Ngā māramatanga

IndigiShare research and insights

Impact of COVID on whānau and pakihi Māori

The COVID-19 pandemic had a profound impact on small Māori-owned businesses, creating both challenges and opportunities. Many of these businesses faced significant disruptions in their operations due to lockdowns, restrictions on gatherings, and reduced consumer spending.

When IndigiShare surveyed 1,000 Māori businesses, 76% of responders said they needed to pivot, 50% said they needed cash to survive and return to sustainability.

The loss of income and uncertainty about the future have been particularly difficult to navigate. However, amidst these challenges, we’ve also witnessed resilience and innovation within the Māori business community. Some businesses adapted by shifting their focus to e-commerce, exploring new markets, or diversifying their offerings.

“It [my business] has already been impacted. Cash flow has stopped but will resume at a smaller level as clients consider their options”

– Owner, Pakihi Māori

Māori unemployment remains disproportionately high

Throughout the pandemic, unemployment rates rose as job losses occurred across various sectors, disproportionately affecting vulnerable populations, including Māori. This economic hardship not only posed immediate challenges but also underscored the pre-existing disparities in employment and income. Māori unemployment rates were twice the rate of non-Māori before the pandemic, and the pandemic only exacerbated these disparities.
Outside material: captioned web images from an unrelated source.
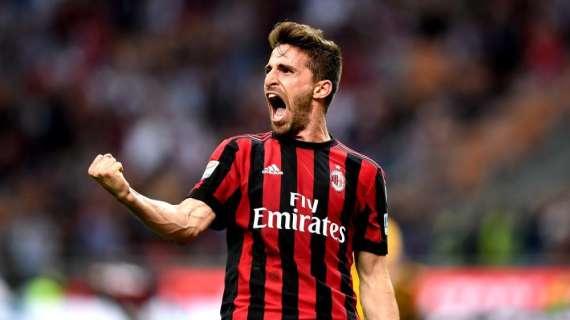 Milan, a fine mese il riscatto a titolo definitivo di Borini: operazione totale da 6 milioni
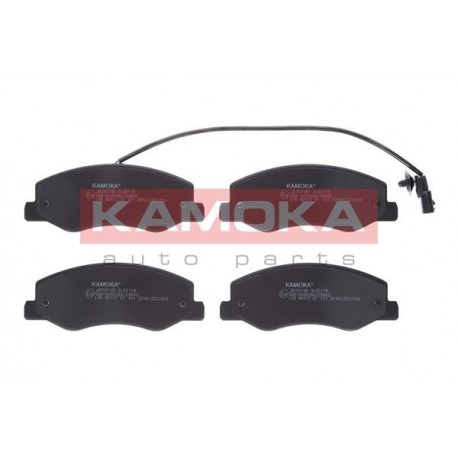 Fékbetét készlet, tárcsafék OPEL MOVANO 10- HÁTSÓ 4421289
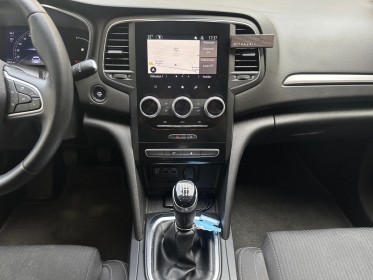 Renault megane iv berline blue dci 115 business entretien complet renault carplay garantie 12 mois occasion simplicicar le...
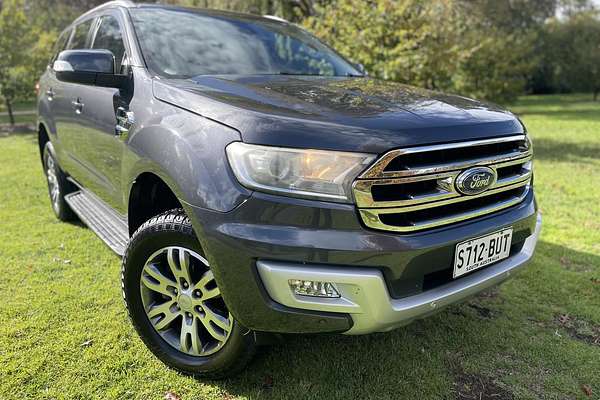 2018 Ford Everest Trend UA 3.2L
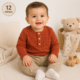 2025/12/652834.png Buso de Algodón Cat & Jack para Bebé Niño 12 Meses – Color Terracota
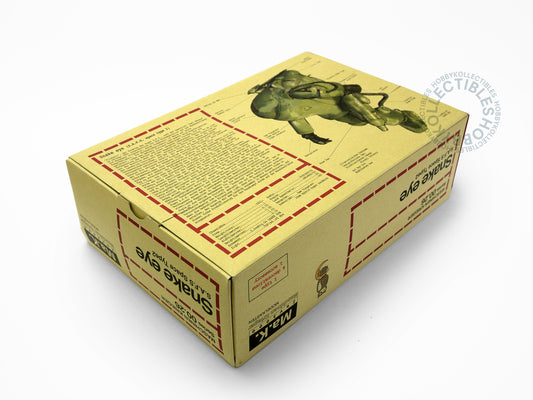 Ma.K Modelkasten Nitto SF3D 1/20 SAFS Snake Eye Resin/Plastic Model Kit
“As an owner, my team and I volunteered delivering food to whānau as I have all the logistics.. trucks, chillers, trailers etc. With no income, we thought we would help those even worse off. This has impacted me financially but now with business coming my way it will allow me to get my staff back to work”

– Owner, Pakihi Māori

Raising capital is a key issue

Businesses in general are finding it hard to access to capital to survive, and Māori businesses are likely to find it just as hard, if not harder.

To address these challenges, there is a growing recognition of the need for targeted initiatives and support programs that cater to Māori entrepreneurs. This would provide increased access to capital, mentorship, business education, and networking opportunities specifically designed to meet the unique needs of Māori-owned businesses.

Ultimately, addressing the difficulties Māori small business owners face in raising capital is not only an economic imperative but also a step toward greater equity and inclusion in the business world.

“As a man that has worked consistently since my teens, unemployment would be very hard to accept, however going out in the job market, in my late 50s is a sobering thought.”

– Owner, Pakihi Māori

Key findings

The problem

We have surveyed two groups; Pakihi Māori (Māori Businesses) and Kaihaukai (Contributors), and from this, we received 250 responses across two target groups:

  • Māori SME owners and/or recently unemployed keen to start a business
  • People keen to help these businesses access capital to survive and thrive

The solution

IndigiShare aims to support whānau, through helping new and existing Māori SMEs access small loans through a cooperative whānau to whānau structure.

The opportunity

If 1/100 people contributed at the level our research suggests they will, we can raise $12.6M to lend. 30% of Māori businesses needing access to cash to get back on their feet are looking for $1,000-10,000, we can raise these funds to lend to them.